Chapter 13

If Dimensions Had Names Everywhere

The earlier sections stayed close to individual moves. A reshape chain became a coordinate map. Broadcasting became non-dependence on a coordinate. Reduction became the disappearance of a local coordinate. Gradients became structured sensitivity questions. Time steps became recurrence over a visible axis.

Now zoom out:

What if a deep learning framework were designed around named dimensions
from the beginning?

Not as labels taped onto an otherwise implicit system. Not as metadata that survives only while convenient. Imagine writing library code where named coordinates are ordinary material, not comments that sit beside anonymous shape tuples.

The Design Fork: Names Everywhere or Names Where They Matter

A named-dimension framework could make every axis carry a name at all times. That sounds clean until the fifth temporary in a small helper starts wearing a full ceremonial title. Many intermediate values are local enough that long names add little.

The opposite design keeps names out of the framework and relies on convention. That is familiar, but it puts the most important promises in comments, documentation, and memory. The code can remain shape-correct while role meaning leaks away.

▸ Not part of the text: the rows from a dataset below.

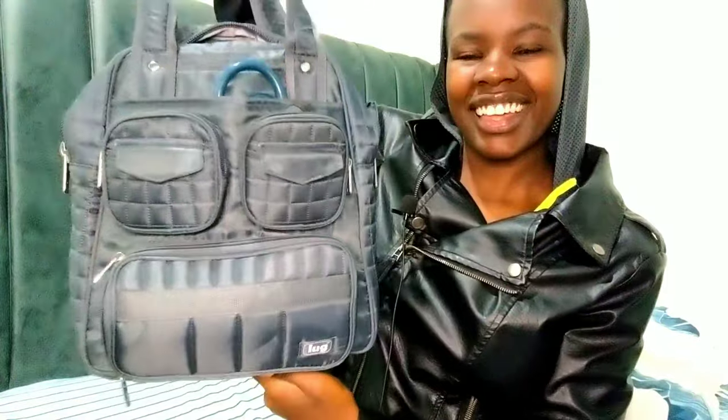So yeah, that's it for my nursing bag! I hope you guys liked it — see you in my next video. Bye bye!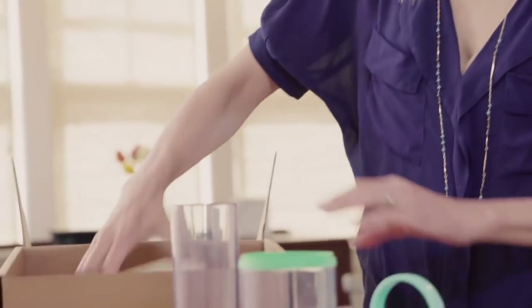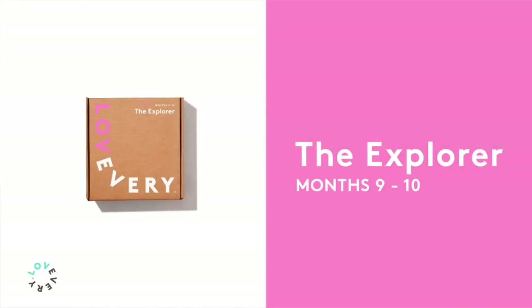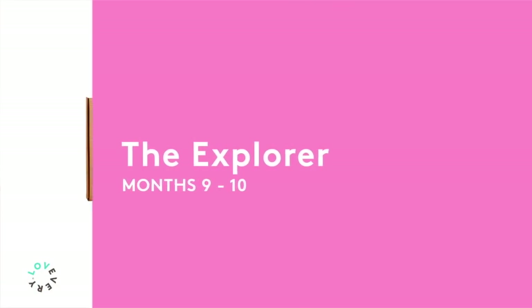We always have a gift for the parent. This is the Explorer play kit for months 9 and 10.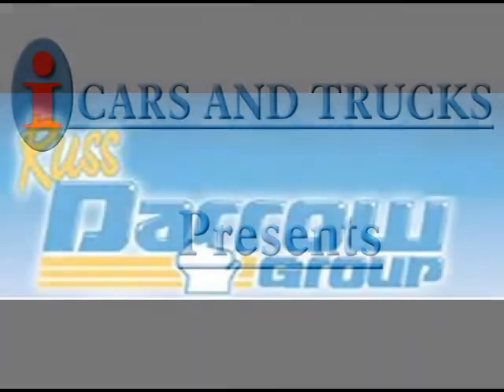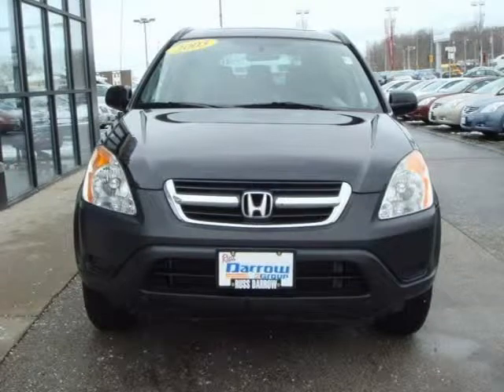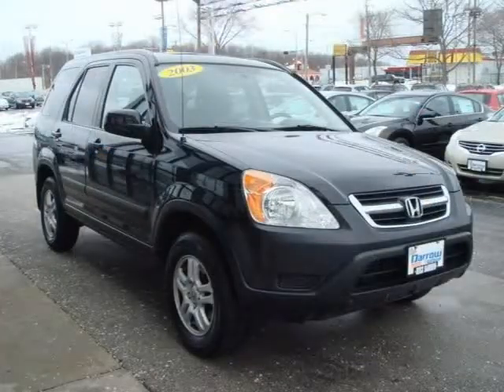This 2003 Honda CR-V Sport Utility is located in Milwaukee and has 90,549 miles on it. This Sport Utility has a beautiful Nighthawk Black Pearl exterior paint color which is complemented by a black interior color.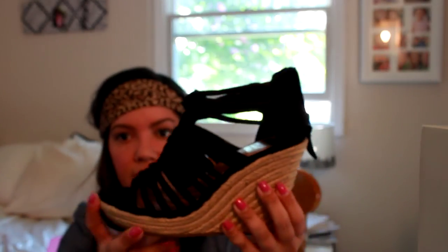They're black with a raffia wedge. The most important thing I look for when buying wedges is I always put my hand inside and check how much of an arch there is. If my hand feels uncomfortable just putting it inside the shoe, I know it's going to hurt my feet and I probably won't buy them — I don't care how cute they are. If my hand fits in comfortably, my foot will probably be okay. These are pretty comfy and really cute — I think they were $79.99.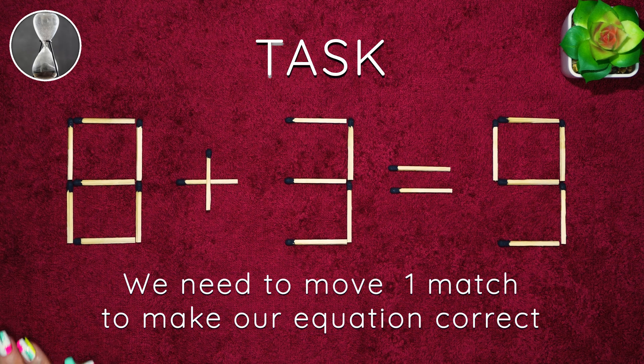Hello! We need to move one match to make our equation correct. Good luck!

The more useful design is selective visibility. Names should be available where a role affects correctness: at boundaries, reductions, broadcasts, reshapes, derivative requests, recurrences, and model-level APIs. This is not names everywhere. It is names at the places where hiding the role would make the next line harder to trust.

Take a notebook model and remove every shape comment. If the code still makes clear which axis is batch, which is time, and which is feature, the framework is carrying the load. If the explanation collapses, the important part was living in prose outside the program. Selective visibility moves the fragile parts of that prose into the source.

The Shift

Familiar operations would change character:

reshape       coordinate packing and unpacking
transpose     coordinate reordering
broadcast     non-dependence on a coordinate
matmul        one consumed coordinate and two surviving coordinates
gradient      transformed sensitivity structure
recurrence    dependency over a visible time axis

The framework would not have to guess that axis 0 is batch because convention says so. It would see b. It would not have to infer from a singleton dimension that something is being repeated. It would see the missing coordinate. It would not have to treat every loop as opaque before analysis. It would see a recurrence boundary and an offset.

At framework scale, that is the change: an axis role stops being a convention remembered by the caller and becomes something the operation can actually refer to.

What Becomes Easier to Ask

With visible coordinates, common review questions become local:

Did batch survive?
Which coordinate was normalized?
Which coordinate was reduced?
Which coordinate names time?
Which coordinate was split into heads?

These questions already exist in current tensor programs. The difference is where the answers live. In shape-oriented code, the answers often live in comments, conventions, diagrams, and local memory. In a visible-index style, the answers can live in the program text.

That does not remove the need for tests. It changes what a test is confirming. Instead of using tests to discover which axis a formula meant, tests can check whether the stated formula behaves numerically as expected.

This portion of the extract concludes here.